When it comes to paying for medical interpreting for young and old patients, everyone passes the buck. Insurance companies rarely pay for it. Most hospitals use untrained, bilingual employees performing other jobs, or expensive telephonic language services that do not work in all medical situations. Only 3 percent of hospitals get reimbursed (primarily through state Medicaid programs) for language-access costs, according to the report. And only 13 states have applied for and received federal matching funds of 50 percent or more for medical interpreting from Medicaid and the federal insurance program for poor children.

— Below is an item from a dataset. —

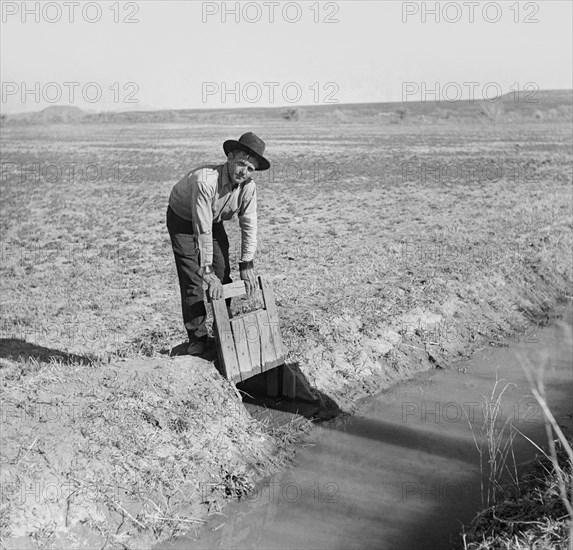 Farmer Opening Gate that Allows Water to Flow into Field from Irrigation Ditch, New Mexico, USA, Arthur Rothstein for Farm Security Administration (FSA), September 1936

“The Medicare program has agreed to pay for costly implantable defibrillators, after determining these devices were effective in improving health, despite the cost,” writes author Leighton Ku, research fellow at the Center on Budget and Policy Priorities. “Surely the nation could make similar reforms to Medicare to increase the quality of language services for limited-English-proficient (LEP) Medicare beneficiaries.”
According to the report, 46 percent of elderly LEP seniors are U.S. citizens. Although the majority are immigrants — naturalized citizens and non-citizens — a large number are native-born American citizens who are LEP. About half are Spanish-speaking.
To qualify for Medicare, a person must be a U.S. citizen or a legal non-citizen immigrant who has met additional criteria. Most foreign-born Medicare beneficiaries had to work in the United States for more than 10 years in order to qualify, or their spouses had to work that long.
Solving the dangerous problem of language barriers in health care will take more than funding, says Ignatius Bau, director of Culturally Competent Health Systems for The California Endowment. “We realize that it will require a combination of systems and people — video and telephonic conferencing, bilingual providers, and certified medical interpreters.”
As for Yong Nan Wu, she is luckier than the millions of LEP patients her age who wonder whether they will ever understand their health care providers. Born in Shanghai and married to an engineer 52 years ago in Beijing, she moved with her husband to live with their youngest daughter in Los Angeles in 1997. Two years later, Mrs. Wu received her green card. Last year, she became a U.S. citizen.
Four years ago — after three years without medical interpreting and confusion and worry over medical misunderstandings — she noticed a Chinese patient who arrived at the hospital with her very own interpreter. Since then, Mrs. Wu has had her own interpreter, thanks to PALS for Health — the only nonprofit program offering free, trained, medical interpreters to patients in Los Angeles and Orange counties.
“Today, my big fear is if my interpreter has to cancel,” she says. “Without her, I have no faith I am safe in this system.”